PATRIC KKELLY
My name is Patrick Kelly, and I specialize in the responsible integration of artificial intelligence into medical diagnostics. With a background in biomedical engineering and clinical data science, my work is driven by a commitment to making AI tools not only powerful but also safe, explainable, and aligned with clinical needs. The rapid advancement of diagnostic AI models has opened new frontiers in radiology, pathology, and genomics—but these models often face challenges in interpretability, fairness, and trust. My goal is to help "tame" these technologies, ensuring they work for clinicians and patients, not just data.


My research focuses on developing interpretable AI systems for medical imaging and structured health records. I explore model transparency techniques such as saliency maps, counterfactual reasoning, and attention-based architectures to enable clinicians to understand the rationale behind algorithmic decisions. I also work on benchmarking model behavior under clinical uncertainty, adversarial data shifts, and demographic imbalance. By integrating AI ethics, human-centered design, and validation in real-world settings, I aim to build systems that earn trust and offer real clinical utility.
I envision a future in which AI acts as a collaborative partner to physicians—enhancing diagnostic accuracy, reducing cognitive workload, and supporting earlier disease detection—without replacing human judgment. To get there, we must go beyond accuracy metrics and focus on usability, bias mitigation, and regulatory readiness. My work contributes to shaping AI systems that support equitable care, improve access to diagnostics in underserved areas, and align with the values of transparency and accountability. Taming AI in medicine is not about limiting its potential, but about aligning it with patient-centered outcomes.
As a researcher, I am committed to advancing the science of AI reliability and interpretability in healthcare. I am currently working on developing multi-modal diagnostic models that combine imaging, clinical text, and genomic data, with a strong emphasis on explainable outputs and clinician feedback loops. Looking ahead, I plan to collaborate with hospitals, regulators, and AI developers to establish shared frameworks for safe deployment. My mission is to help build a medical AI ecosystem that clinicians can trust, patients can benefit from, and health systems can scale responsibly.
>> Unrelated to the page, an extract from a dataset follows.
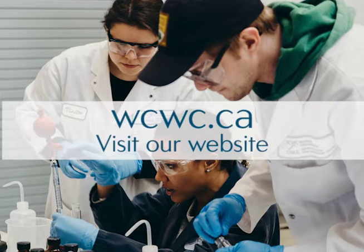More videos and helpful resources related to drinking water are available on our Drinking Water Resource Library. Visit our website to learn more about our training courses and pilot testing services.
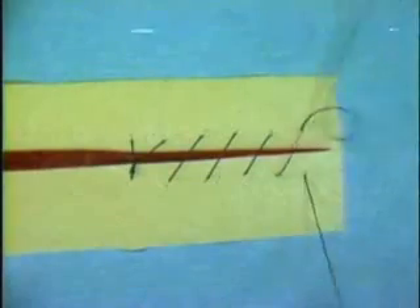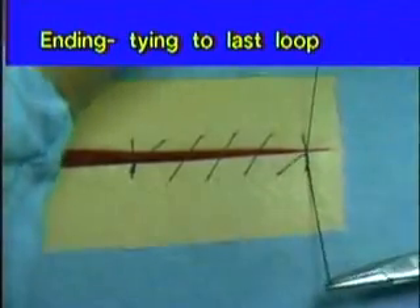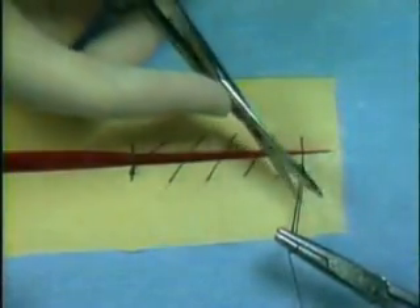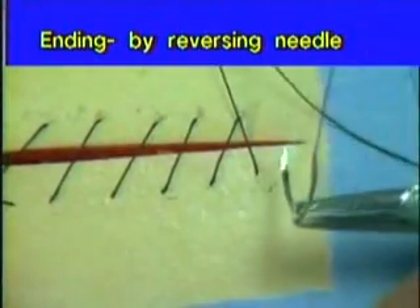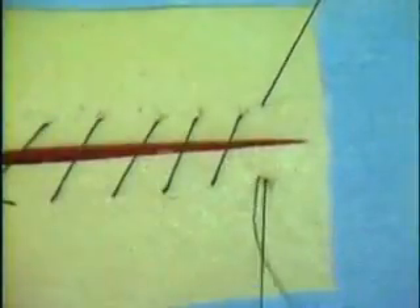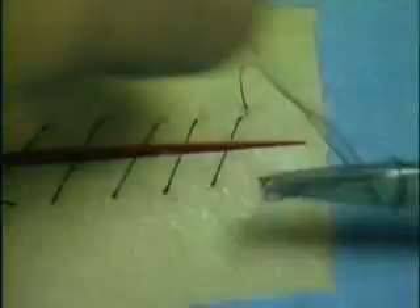Another problem is that of ending a continuous suture pattern. With a swaged-on needle, as you near the end of the wound, the suture strand directly trailing the needle can be tied to the last loop in the continuous suture line. A more cosmetic technique is to end the swaged-on needle suture line as follows: once the last stitch closes the wound, the needle is reversed and inserted close to the needle exit site, directly opposite the last needle passage, and the knot is tied from the needle strand to the remaining narrow loop. This technique reduces tissue bunching, seen especially when a continuous line with large gaps between tissue bites is tied at the end.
Domain-Specific Alignmen: Medical “taming” requires specialized clinical terminology, guidelines, and multimodal inputs. GPT-3.5 lacks pretraining on endoscopy, pathology, and lab-report corpora, compromising medical semantic accuracy.
Complex Chain-of-Thought: The model must generate multi-step, audit-ready reasoning chains; GPT-3.5 often omits steps or breaks chains in long contexts.
Confidence Calibration & Abstention: High-precision calibration and threshold-based abstention are needed. GPT-3.5’s limited parameters and context window yield higher calibration error and false abstention.
Dual-Task Stability: Simultaneous classification (diagnosis) and regression (risk probability) optimization causes catastrophic forgetting in GPT-3.5.
GPT-4’s larger capacity and extended context, when fine-tuned, can reliably embed medical ontologies, calibrate confidences, maintain reasoning consistency, and reduce hallucinations by ≥40%, ensuring clinical safety. It is the only viable path for real-world medical AI “taming.”